In [5]:
from bs4 import BeautifulSoup
import json

The following script fetch data from a web page using the BeautifulSoup library. Data is taken from Wikipedia and represents the population and geographic values of NYC's boroughs.

Page: https://en.wikipedia.org/wiki/Boroughs_of_New_York_City

In [3]:
def load_html_from_memory():
    file_name = "data/Boroughs_of_New_York_City_Wikipedia.html"
    with open(file_name) as f:
        return BeautifulSoup(f, 'html.parser')
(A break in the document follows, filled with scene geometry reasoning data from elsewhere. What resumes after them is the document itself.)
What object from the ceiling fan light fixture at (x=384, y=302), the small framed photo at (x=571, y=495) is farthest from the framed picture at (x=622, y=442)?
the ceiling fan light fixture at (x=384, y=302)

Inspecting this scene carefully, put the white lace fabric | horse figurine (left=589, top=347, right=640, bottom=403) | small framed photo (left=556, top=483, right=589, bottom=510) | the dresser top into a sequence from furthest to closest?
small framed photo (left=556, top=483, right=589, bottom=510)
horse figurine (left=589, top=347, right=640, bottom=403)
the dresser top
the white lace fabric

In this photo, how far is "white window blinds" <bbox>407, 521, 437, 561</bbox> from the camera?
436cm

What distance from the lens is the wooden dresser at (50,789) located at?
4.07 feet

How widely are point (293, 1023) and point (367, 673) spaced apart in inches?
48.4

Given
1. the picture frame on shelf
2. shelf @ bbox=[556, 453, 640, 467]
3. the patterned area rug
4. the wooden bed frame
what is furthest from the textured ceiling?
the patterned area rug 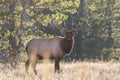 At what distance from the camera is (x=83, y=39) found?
126 feet

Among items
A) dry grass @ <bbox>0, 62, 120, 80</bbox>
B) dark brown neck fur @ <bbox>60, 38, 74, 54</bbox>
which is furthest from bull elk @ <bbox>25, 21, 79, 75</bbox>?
dry grass @ <bbox>0, 62, 120, 80</bbox>

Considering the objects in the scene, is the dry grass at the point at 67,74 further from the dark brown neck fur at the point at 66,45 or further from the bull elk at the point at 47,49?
the dark brown neck fur at the point at 66,45

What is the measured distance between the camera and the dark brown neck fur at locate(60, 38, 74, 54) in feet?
45.0

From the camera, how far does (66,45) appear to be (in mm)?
13773

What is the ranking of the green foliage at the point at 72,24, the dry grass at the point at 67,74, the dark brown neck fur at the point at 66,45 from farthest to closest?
the green foliage at the point at 72,24, the dark brown neck fur at the point at 66,45, the dry grass at the point at 67,74

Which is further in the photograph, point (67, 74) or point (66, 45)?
point (66, 45)

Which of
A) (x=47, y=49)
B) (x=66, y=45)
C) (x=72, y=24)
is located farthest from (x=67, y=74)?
(x=72, y=24)

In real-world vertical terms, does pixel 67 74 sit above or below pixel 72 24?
above

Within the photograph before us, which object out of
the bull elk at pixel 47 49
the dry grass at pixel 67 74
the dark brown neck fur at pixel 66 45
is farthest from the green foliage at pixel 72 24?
the dark brown neck fur at pixel 66 45

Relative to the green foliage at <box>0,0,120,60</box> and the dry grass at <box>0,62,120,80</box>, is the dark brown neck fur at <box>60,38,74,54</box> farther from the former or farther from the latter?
the green foliage at <box>0,0,120,60</box>

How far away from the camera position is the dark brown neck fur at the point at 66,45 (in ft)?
45.0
stock_soup = load_html_from_memory()

# get boroughs table from html file
table_name = "wikitable sortable jquery-tablesorter" # name of table tag found manually
boroughs_table = stock_soup.find("table", {"class":table_name})
    
# get boroughs table tags
boroughs_table_tags = boroughs_table.find_all()

# get boroughs table row tags

# table_row_tags_dict: dictionary containing information about the five boroughs of NYC. 
# the keys of the dictionary are the names of the boroughs, and the values are list of
# floats containing the values found in the table of the Wikipedia page. Position 4 of the
# list is the Land area of the borough in square km.
table_row_tags_dict = {}

table_row_values = []
number_of_boroughs_scrapped = 0
max_number_of_boroughs = 5

for tag in boroughs_table_tags:
    
    # gets table body (where borough values are contained)
    if tag.name == "tbody": 
        
        # gets rows of the table (in the form of tags)
        table_row_tags = tag.find_all()
        
        # initialize borough name, used as key for adding values to dictionary
        current_borough_name = ""
        
        for row_tag in table_row_tags:  
            
            if "href" in row_tag.attrs:
                # restarts boroughs values
                table_row_values = []
                # updates current_borough_name, used as key for the dictionary of boroughs
                current_borough_name = row_tag["title"]
                # increase number of boroughs that has been scrapped
                number_of_boroughs_scrapped += 1
                # if 5 boroughs had been added, stops iterating
                if number_of_boroughs_scrapped > max_number_of_boroughs:
                    break
                
            if row_tag.name == "td" and len(row_tag.attrs.keys()) == 0:
                # converts value from string to float
                #    - [:-1] is used to removed the las 2 characters of the string: "\n"
                #    - replace(",", "") is used to remove commas from the string
                #    - dots (".") in the string are not removed. They serve as decimal indicators
                formatted_value = float(row_tag.text[:-1].replace(",", ""))
                # adds formatted value to borough list
                table_row_values.append(formatted_value)
                # adds/updates borough list to borough dictionary (where borough name is the key)
                table_row_tags_dict[current_borough_name] = table_row_values

print(table_row_tags_dict)    

{'The Bronx': [1471160.0, 28.787, 19570.0, 42.1, 109.04, 34653.0, 13231.0], 'Brooklyn': [2648771.0, 63.303, 23900.0, 70.82, 183.42, 37137.0, 14649.0], 'Manhattan': [1664727.0, 629.682, 378250.0, 22.83, 59.13, 72033.0, 27826.0], 'Queens': [2358582.0, 73.842, 31310.0, 108.53, 281.09, 21460.0, 8354.0], 'Staten Island': [479458.0, 11.249, 23460.0, 58.37, 151.18, 8112.0, 3132.0]}


In [7]:
# exports borough data to a json file
with open('data/borough_data.json', 'w') as fp:
    json.dump(table_row_tags_dict, fp)